• _Activity_
Work through the records below, line by line, and say how many lines include "Image", with nothing else.

• _Exercise materials_
※ ※ ※
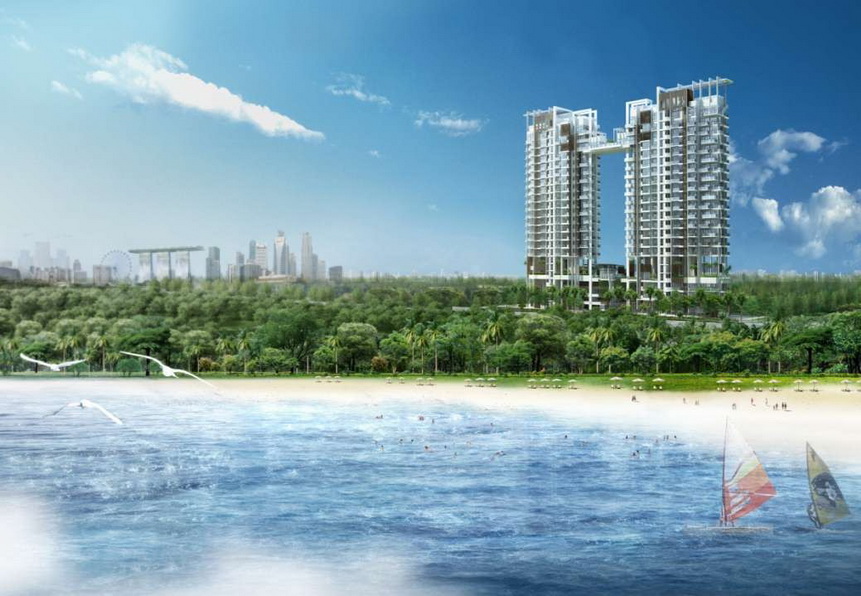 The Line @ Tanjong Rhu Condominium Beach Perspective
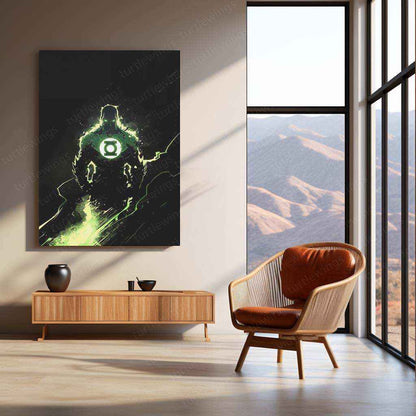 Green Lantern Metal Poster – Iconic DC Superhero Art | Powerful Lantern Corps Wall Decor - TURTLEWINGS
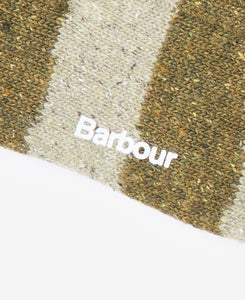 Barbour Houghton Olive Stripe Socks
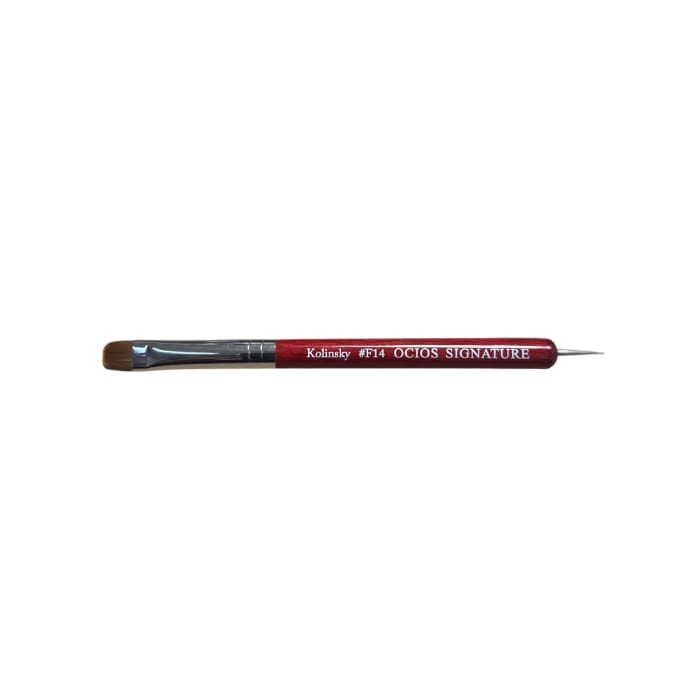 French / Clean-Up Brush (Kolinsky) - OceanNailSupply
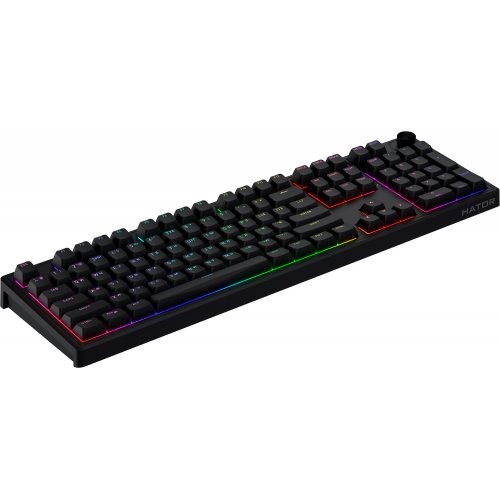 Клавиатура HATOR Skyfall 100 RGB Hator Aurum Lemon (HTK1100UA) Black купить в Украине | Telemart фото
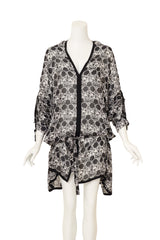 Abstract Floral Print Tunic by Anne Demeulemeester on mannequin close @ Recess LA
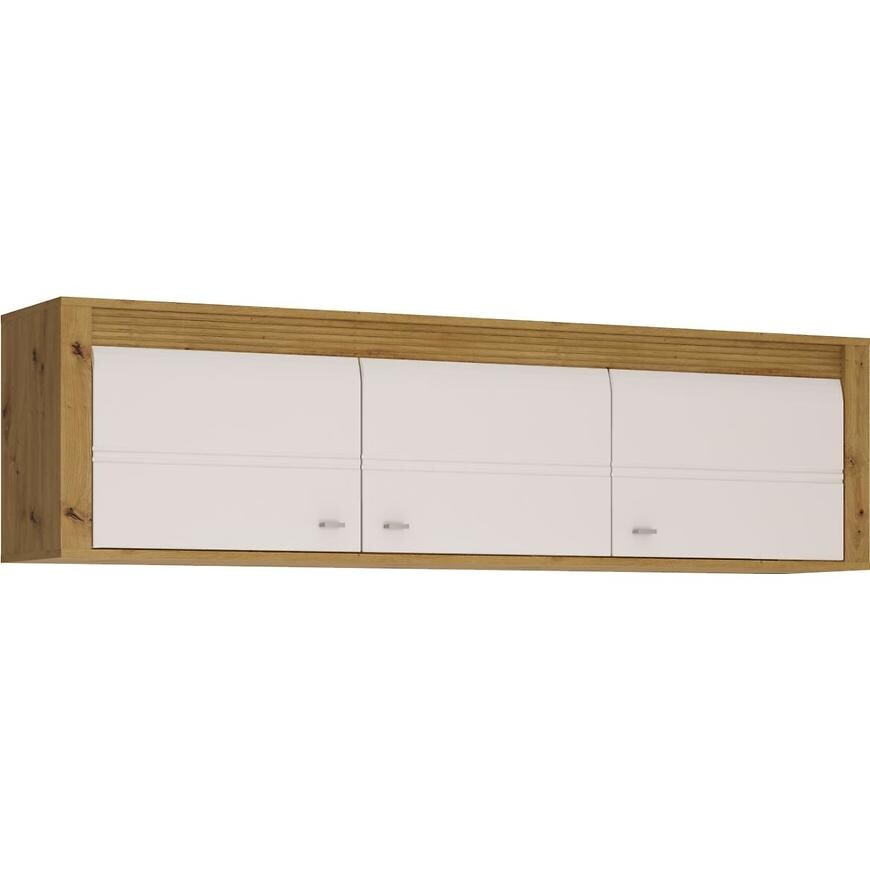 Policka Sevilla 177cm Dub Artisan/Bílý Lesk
※ ※ ※
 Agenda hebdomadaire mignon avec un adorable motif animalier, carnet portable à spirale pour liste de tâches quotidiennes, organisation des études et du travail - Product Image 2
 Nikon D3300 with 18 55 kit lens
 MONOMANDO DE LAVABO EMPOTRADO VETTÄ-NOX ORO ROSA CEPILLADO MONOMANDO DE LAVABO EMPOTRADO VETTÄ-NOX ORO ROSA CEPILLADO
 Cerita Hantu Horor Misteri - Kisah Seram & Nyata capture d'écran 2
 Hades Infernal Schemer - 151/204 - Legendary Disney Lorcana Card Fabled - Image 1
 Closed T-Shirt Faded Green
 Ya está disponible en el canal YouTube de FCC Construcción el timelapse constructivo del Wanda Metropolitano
※ ※ ※
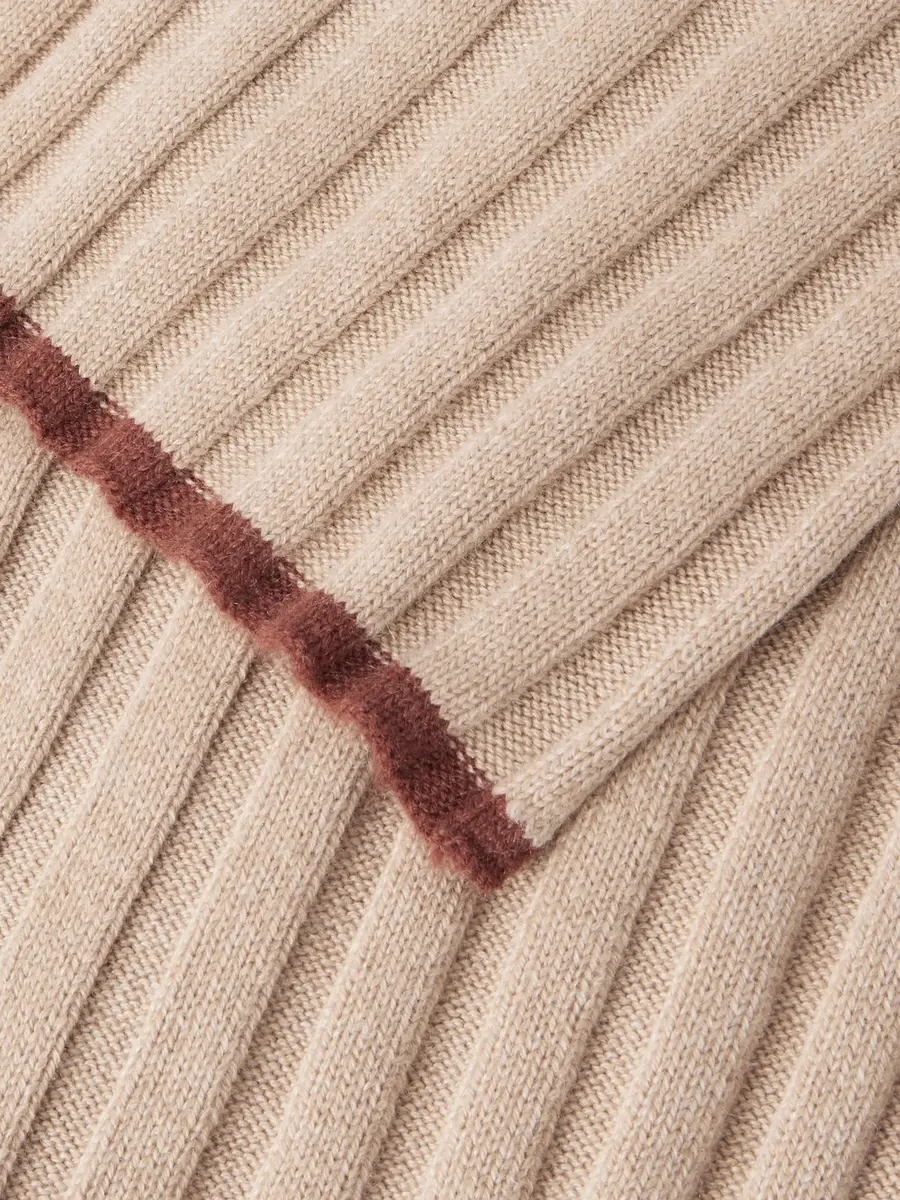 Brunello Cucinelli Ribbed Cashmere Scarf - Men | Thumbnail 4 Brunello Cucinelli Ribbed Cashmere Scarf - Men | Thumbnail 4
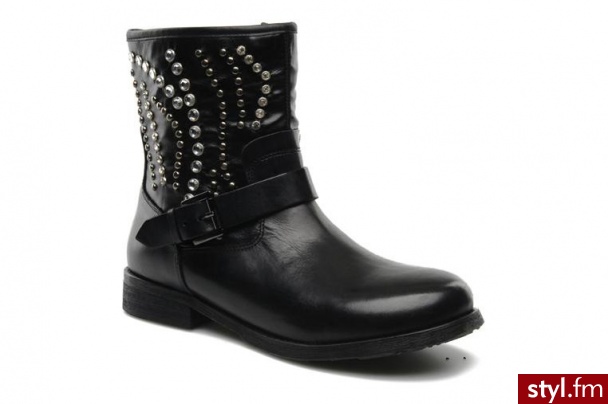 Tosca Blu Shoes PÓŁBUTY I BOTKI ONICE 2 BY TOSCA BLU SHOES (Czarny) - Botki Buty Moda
※ ※ ※
• _Result of the exercise_
2